The most anticipated rock supergroup ever? The three members of Them Crooked Vultures certainly have the combined experience to blow us away, but their debut album is more of an impressively forceful rumble than a full-on detonation.
Rock supergroups are usually a huge mistake. It's rare that musicians who are used to having a starring role in their respective groups are gallant enough to step aside and share the spotlight; after all, what are rockstars made of, if not 90% ego? Them Crooked Vultures, though - aha. A different prospect altogether, said those used to scoffing at the very notion of 'supergroup'. "It's three of the best rock musicians of all time," said one enthusiast, "how could it be anything short of amazing?"
Well, it could have gone wrong very easily, in fact, but it didn't. The side project of Josh Homme (Queens of the Stone Age), Dave Grohl (Foo Fighters and here reprising his original role as drummer) and John-Paul Jones of Led Zeppelin is the biggest hard rock album of 2009, and it's certainly one of the tightest, but is it the best? These 13 songs are basically what you would expect of the trio; Homme's smooth vocals and slinky guitar work, Jones's skilled, powerful basslines and Grohl's powerhouse drumming combine to create songs that are potent, but not completely memorable.

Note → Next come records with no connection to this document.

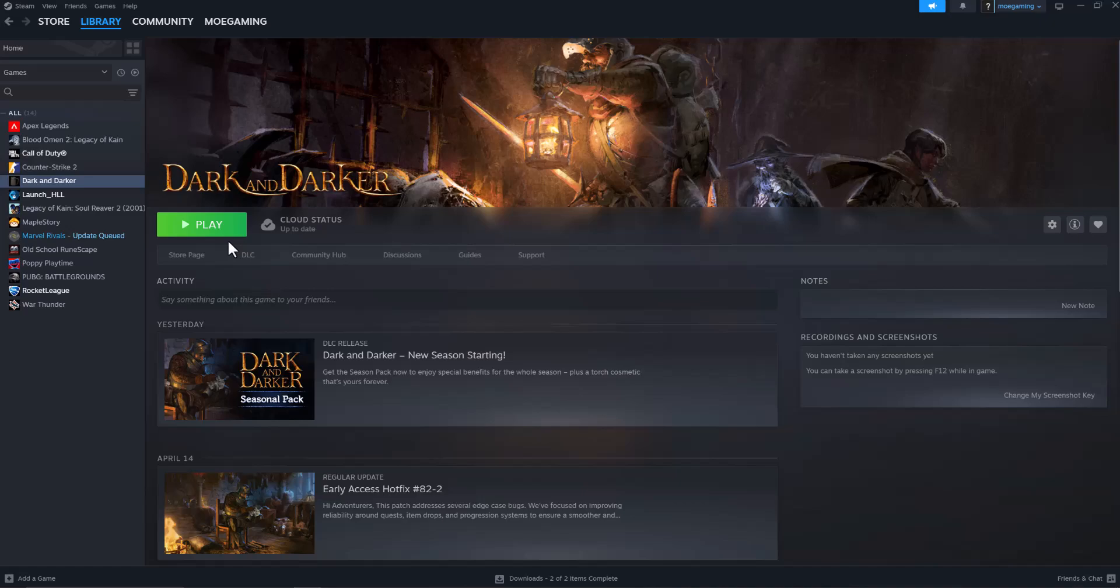What is up everyone, this is MoGaming here. Today I'm going to show you how to fix the GTA 5 GFSDK_TXAA_alpharesolve_win64.DLL file is missing error.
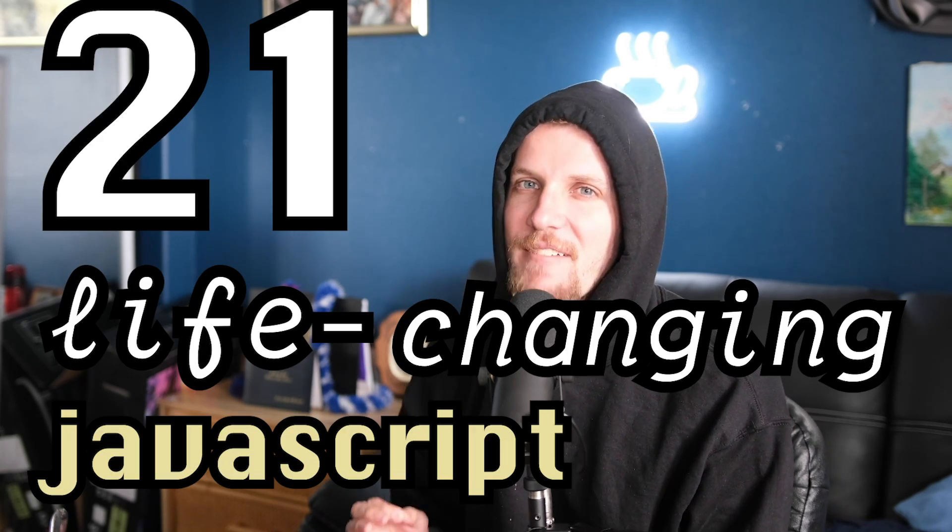What's up guys, this is 21 life-changing JavaScript tricks. I've named it that because these are high leverage yet simple tricks that can save you a lot of time, energy, and pain in the future.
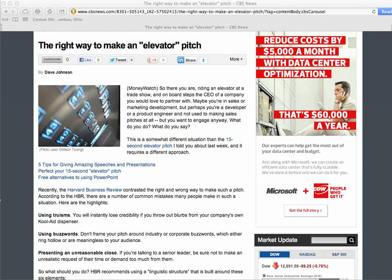Sharing an article to LinkedIn, such as a blog post, a news story, or actually any website at all, is really fast and easy.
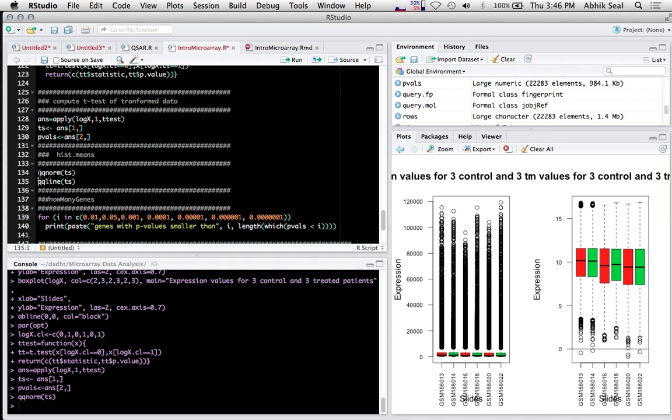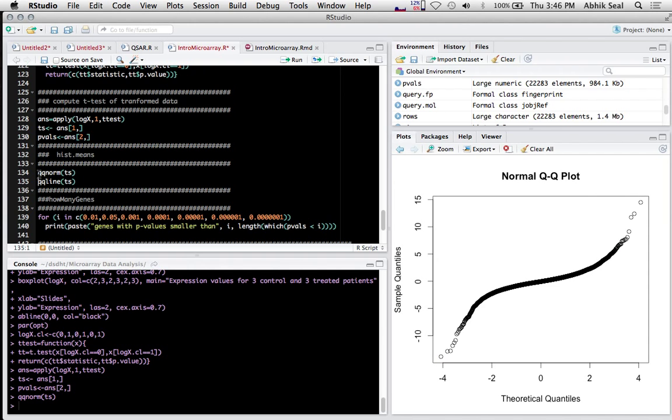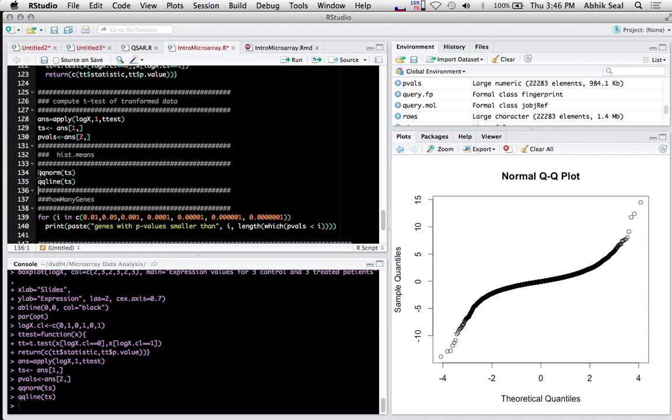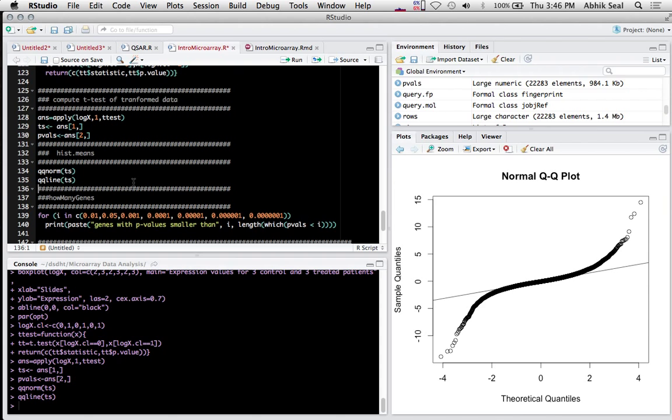Now you can plot the Q-Q plot to see how much it is normalized. This section is not normalized.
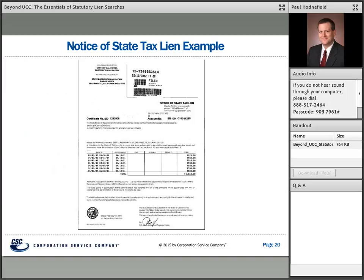This is what a notice of state tax lien might look like — they differ widely from state to state. This is a California state tax lien, which happens to look a lot like a federal tax lien. In California, state tax liens are often filed with the Secretary of State, so it's filed similarly to a federal tax lien. But there's no reason a state tax lien has to look like a federal tax lien, and the forms may be very different in other states.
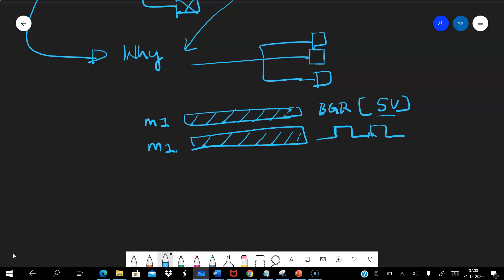Because they are in the same layer — both M1 — and if they are kept very close by, they can actually create capacitors between them. What is between any two metals is always insulator — silicon dioxide — so we have metals with insulators in between, giving rise to coupling capacitors. You can imagine what could happen to the signal on the BGR metal carrying 5V when it is affected by the nearby clock signal.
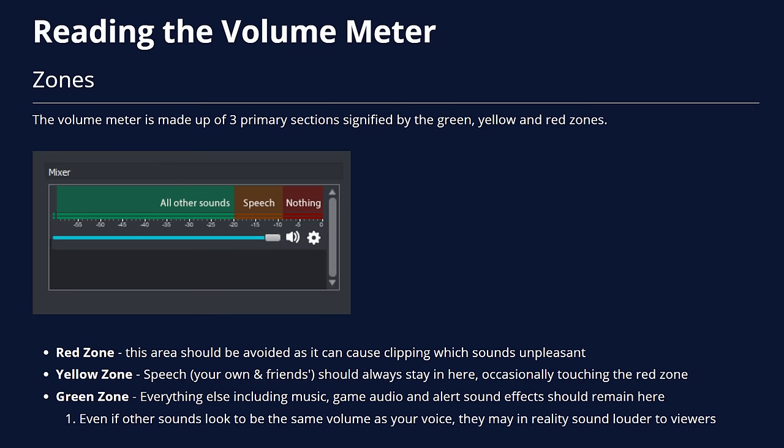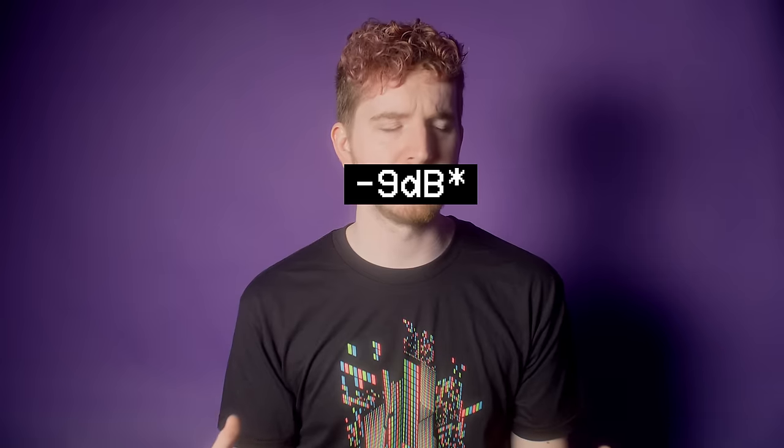Let's move on to the rest of your stream mix. Consider the different sources your stream may have: your voice, other voices via voice calls, background music, videos, sound effects, game sound. These all need to be balanced to create an enjoyable mix but also to not overpower your voice. According to the OBS wiki, these are the zones that sounds should live at — these zones are meant for average levels, not peaks.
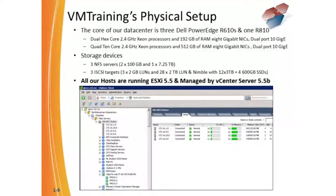The physical setup of our lab environment is that we have Dell throughout. We have a series of Dell R610 servers and a Dell R810 server, although that may have changed slightly by the time you view this course. Storage is all based on iSCSI — we have three separate iSCSI setups right now: one is virtual and two are physical. All our hosts are running the current version of ESXi and vCenter.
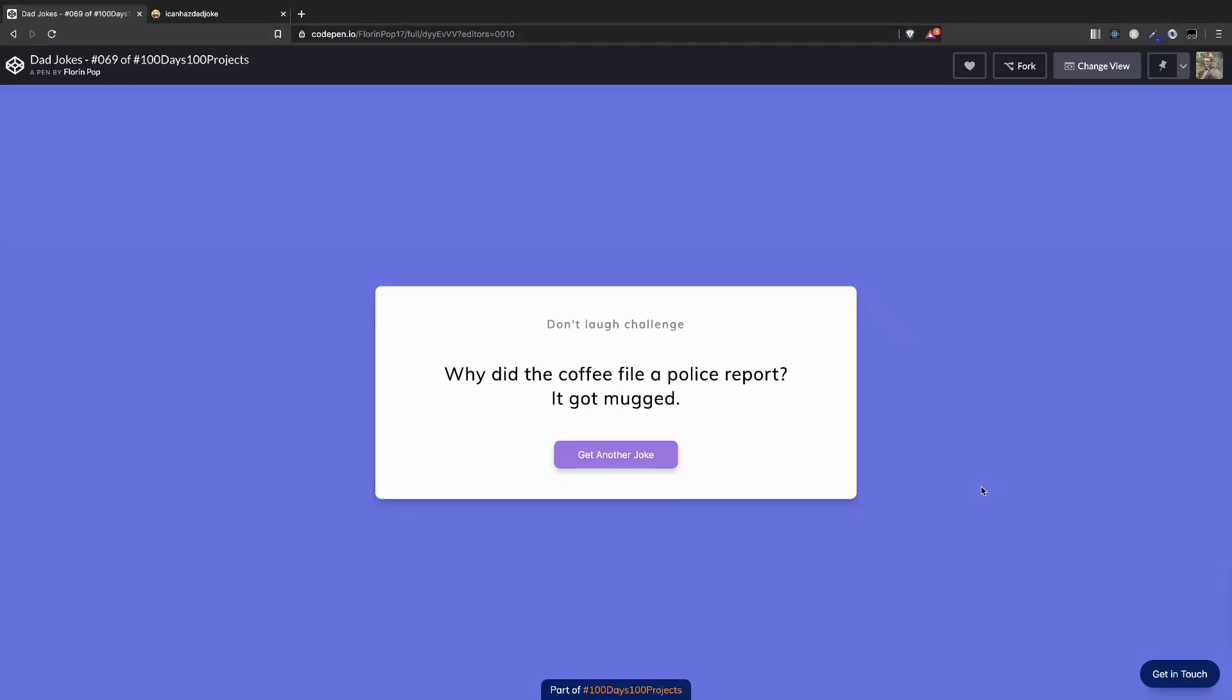Hello guys, Florin here, welcome to my channel. In this video we're going to create a jokes generator using JavaScript. You can use this to play the don't laugh challenge with your friends.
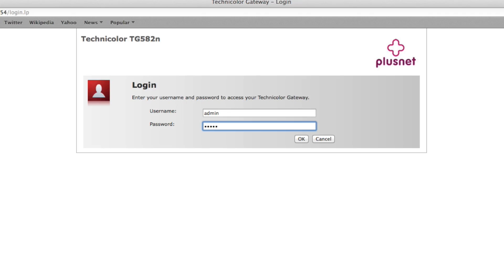The username should be admin and the password is the serial number on your router. This is also printed on the underneath of your router, and please note the serial number is case sensitive.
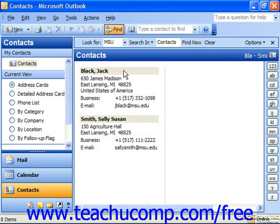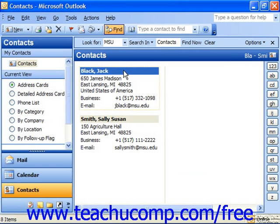Outlook then displays the list of any contacts who match that search criteria below. You can then select those contacts or double click on them to open up the contact record. And when you're finished finding your contacts, just click the Find button in the standard toolbar again to close the Find screen.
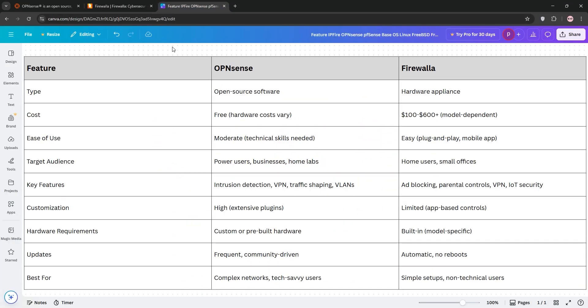So, how do they stack up? OpenSense shines for tech enthusiasts or businesses needing granular control and no budget constraints. It's free but needs dedicated hardware. Firewalla is perfect for non-technical users or families wanting set-and-forget security with minimal setup.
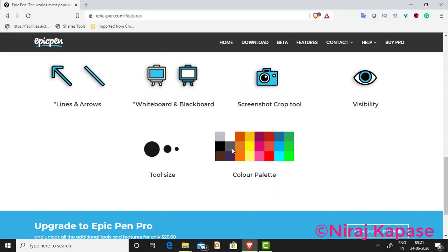There is a color palette available. With the pro version you have 24 colors, and with the basic version you have 16 colors.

True, there are some dangerously exciting songs on display. 'Reptiles' is a standout, a series of jerky movements, tweaked guitar riffs and woozy vocals that spike unexpectedly, and the excellent 'New Fang' is an exercise in loose, bluesy, ramshackle rock. 'Caligulalove''s marriage of '60s garage and buzzing quasi-metal riffs is inventive and often hypnotic, while closer 'Spinning in Daffodils' uses a classical piano coda to conjure up a sort of graveyard rock epic.
Still, there's a feeling that this is the sort of album that people feel obliged to love because of the obvious calibre of musician involved, rather than because of its content. At over an hour long, it's also a smidgen too long to really rip your ears off. Then again, who's brave enough to edit these three giants of rock?